Content starts

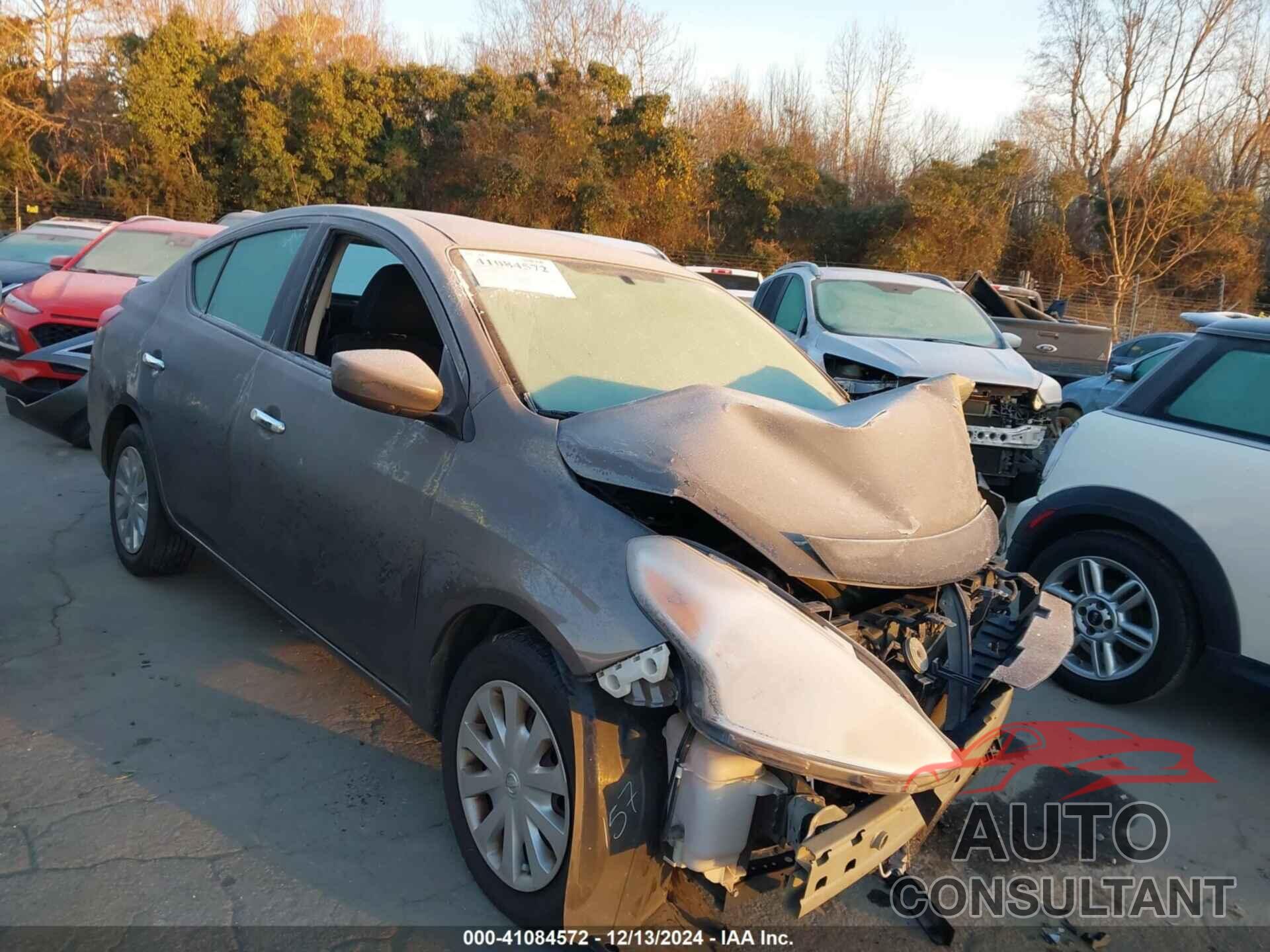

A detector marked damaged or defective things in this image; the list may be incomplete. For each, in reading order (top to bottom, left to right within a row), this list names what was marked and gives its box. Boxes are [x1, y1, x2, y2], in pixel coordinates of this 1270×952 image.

damaged gray sedan [84, 208, 1072, 934]
crumpled metal panel [561, 376, 995, 588]
buckled hood [556, 376, 1000, 588]
detached front bumper [792, 685, 1011, 919]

Content ends

# PROBLEM STATEMENT
Write out each line of the data exactly; the images should be left out.

# TASK RESPONSE
A detector marked damaged or defective things in this image; the list may be incomplete. For each, in reading order (top to bottom, left to right within a row), this list names what was marked and gives its box. Boxes are [x1, y1, x2, y2], in pixel coordinates of this 1270×952 image.

damaged gray sedan [84, 208, 1072, 934]
crumpled metal panel [561, 376, 995, 588]
buckled hood [556, 376, 1000, 588]
detached front bumper [792, 685, 1011, 919]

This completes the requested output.